╭─ Records for this task

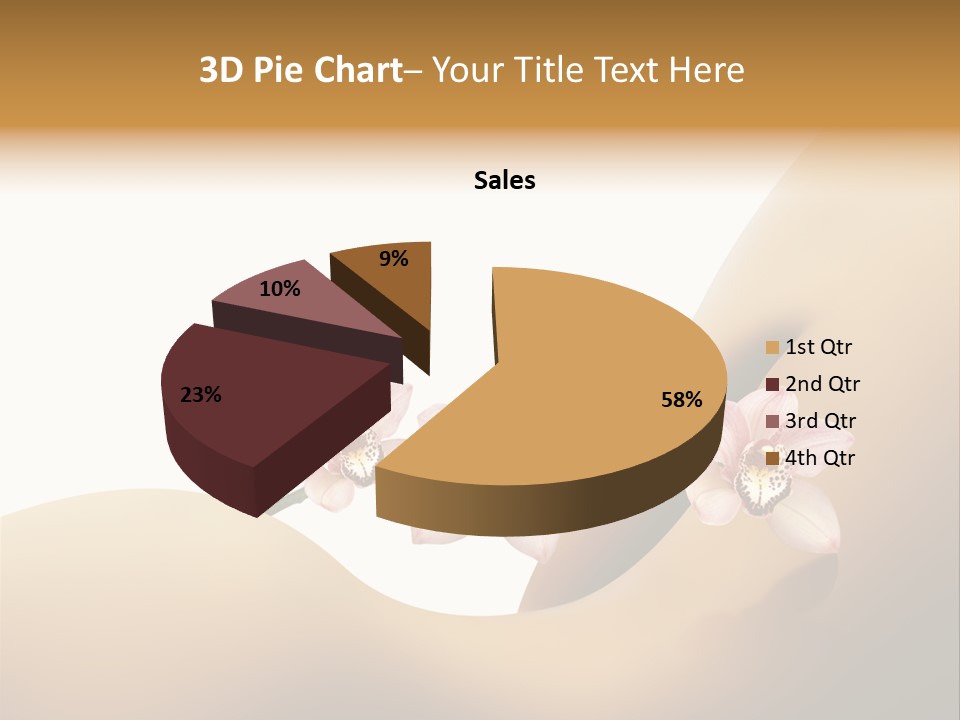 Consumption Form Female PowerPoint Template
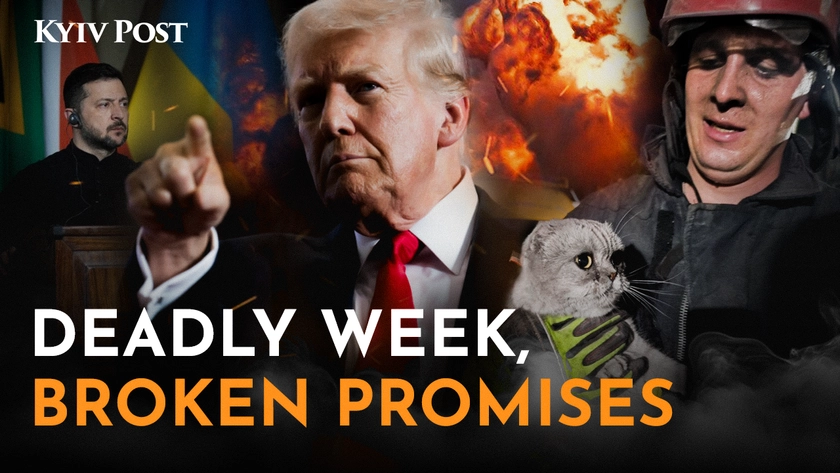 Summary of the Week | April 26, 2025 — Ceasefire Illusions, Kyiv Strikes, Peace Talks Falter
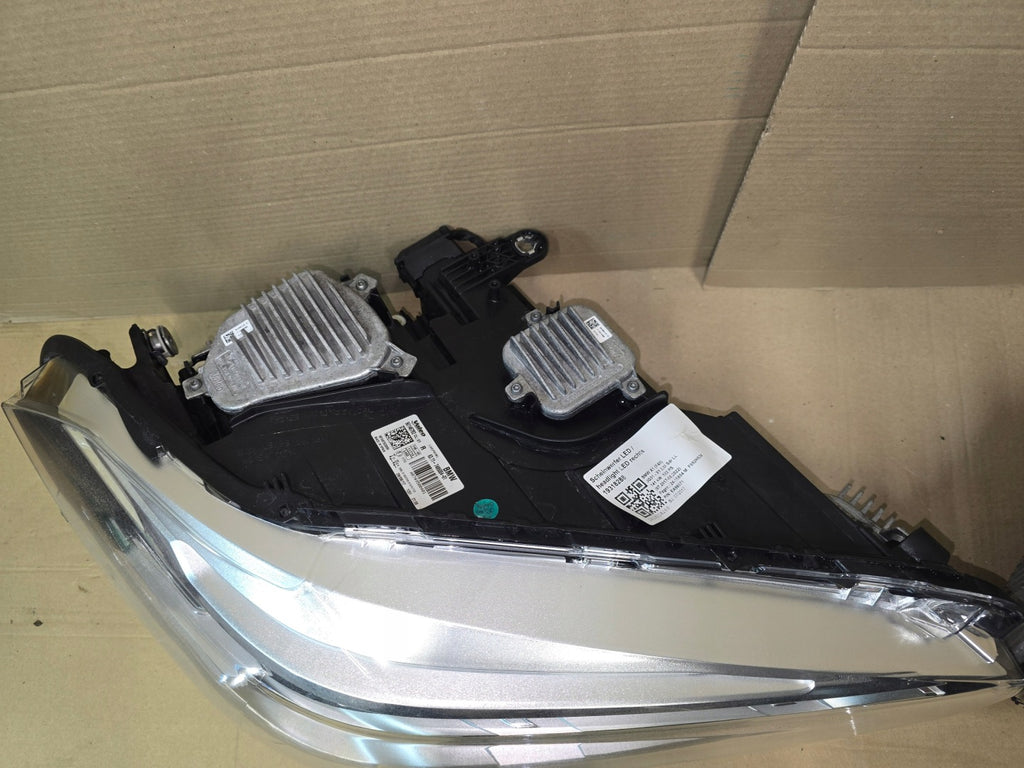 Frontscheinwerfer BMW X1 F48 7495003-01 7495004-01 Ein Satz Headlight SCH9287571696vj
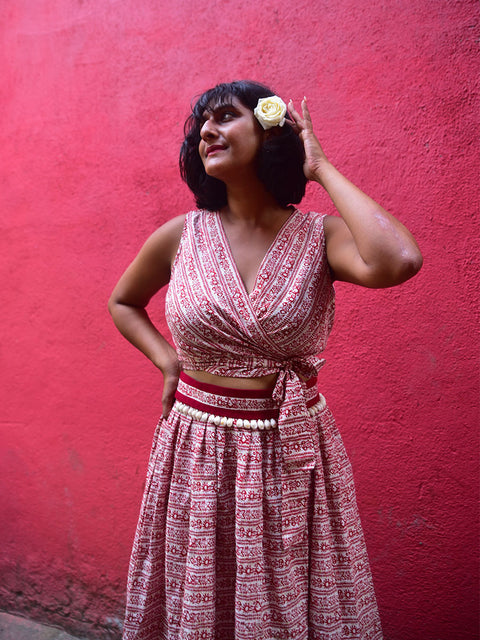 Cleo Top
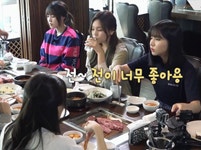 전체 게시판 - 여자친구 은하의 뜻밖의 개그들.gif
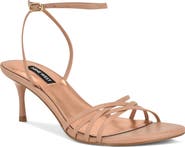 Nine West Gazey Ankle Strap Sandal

╰─

Exercise brief. Pictures are to be left out; otherwise, copy exactly each line from the one containing "Summary of the" through the last line of the listing.

Written solution.
 Summary of the Week | April 26, 2025 — Ceasefire Illusions, Kyiv Strikes, Peace Talks Falter
 Frontscheinwerfer BMW X1 F48 7495003-01 7495004-01 Ein Satz Headlight SCH9287571696vj
 Cleo Top
 전체 게시판 - 여자친구 은하의 뜻밖의 개그들.gif
 Nine West Gazey Ankle Strap Sandal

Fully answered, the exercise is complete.